Ascensão dos festivais
Se turnês internacionais aglomeraram multidões na temporada que passou, o esforço de produtores locais em promover eventos com programação interessante também ajudou a engordar ainda mais a agenda. Festivais como o POA Jazz Festival e o BB Seguros de Blues e Jazz promoveram shows de nomes como Rudresh Mahanthappa e Leroy Jones. Para os amantes do rock, o ano marcou o retorno do Meca Festival à fazenda Pontal, em Maquiné, no interior do Estado, com line-up de peso, incluindo a banda californiana Warpaint. Em sua 12ª edição, o Morrostock também ganhou status de evento importante na agenda nacional – a programação deste ano marcou a volta aos palcos do grupo pernambucano Cordel do Fogo Encantado.

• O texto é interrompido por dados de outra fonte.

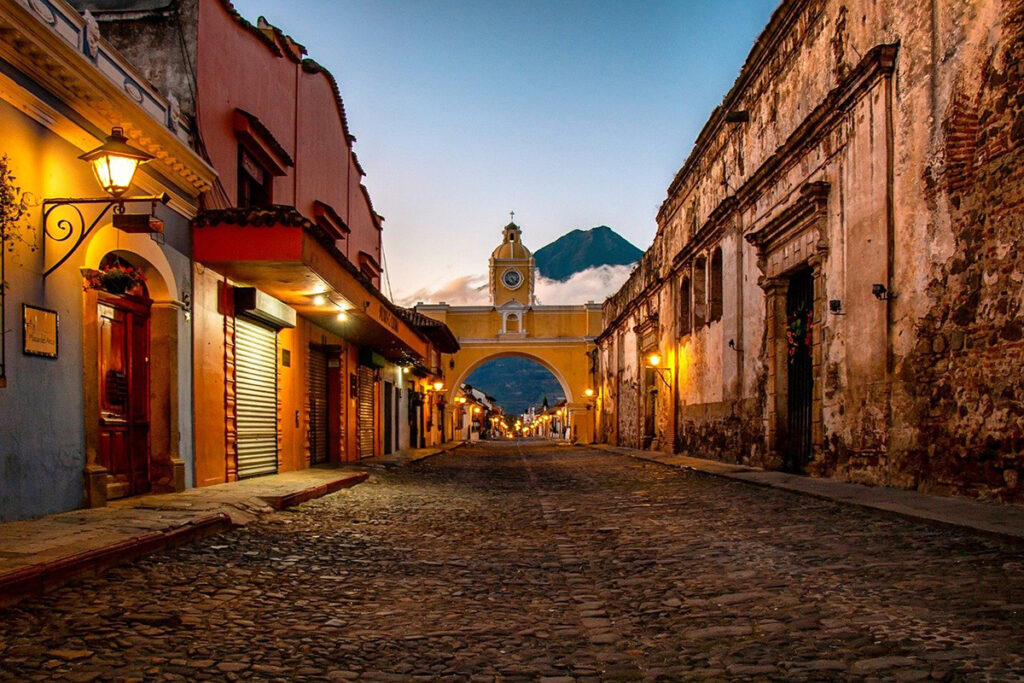 antigua-guatemala-colonial-treasure-and-tourist-paradise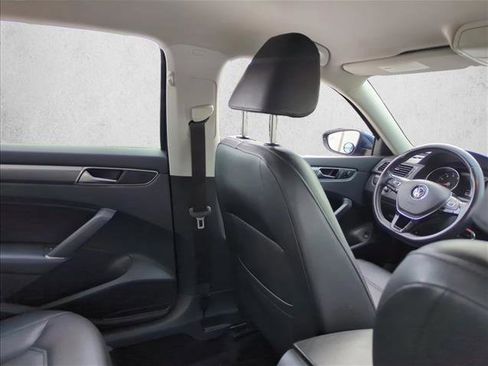 Used 2018 Volkswagen Passat 2.0T R-Line image 23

Uma casa definitiva para a Ospa
Após 68 anos, a Orquestra Sinfônica de Porto Alegre enfim pôde se apresentar em uma casa própria. Localizada no Centro Administrativo Fernando Ferrari, em Porto Alegre, a Casa da Música da Ospa foi inaugurada em março em um espaço de 2,5 mil metros quadrados com capacidade para 1,1 mil espectadores. Em tempo, o ano da Ospa foi de superação: além da nova sede, a orquestra gravou um disco com obras de compositores brasileiros, como Dimitri Cervo, Radamés Gnatalli e João Guilherme Ripper, e apresentou a opereta A Viúva Alegre, de Franz Lehár, no Theatro São Pedro.
Uma gaúcha no Grammy
Antes mesmo da entrega dos troféus, em Las Vegas (EUA), em novembro, o Grammy Latino já havia consagrado uma artista porto-alegrense: Anaadi foi indicada em três categorias: Melhor Álbum de Pop Contemporâneo em Língua Portuguesa (pelo disco Noturno), Artista Revelação e Gravação do Ano. O auge viria com a vitória na primeira categoria, em que competia com nomes como Erasmo Carlos, Iza e Xenia.
Últimos acordes
Entre as principais perdas da música gaúcha, há pelo menos um fator em comum: eram profissionais que dedicavam suas vidas a propagar a música feita aqui em outros pagos. O ano foi marcado pelas mortes de Carlos Eduardo Miranda, produtor e músico onipresente nas décadas de 1970 e 80 e estrela de televisão a partir dos anos 2000; Paixão Côrtes, tradicionalista que se tornou símbolo máximo do gauchismo por conta de seu estudo sobre a identidade local; Mutuca, que foi músico, radialista e dono de bar; além das trágicas mortes do tradicionalista Volmir Martins e do professor e do compositor Fernando Lewis de Mattos, ambas em acidentes de carro.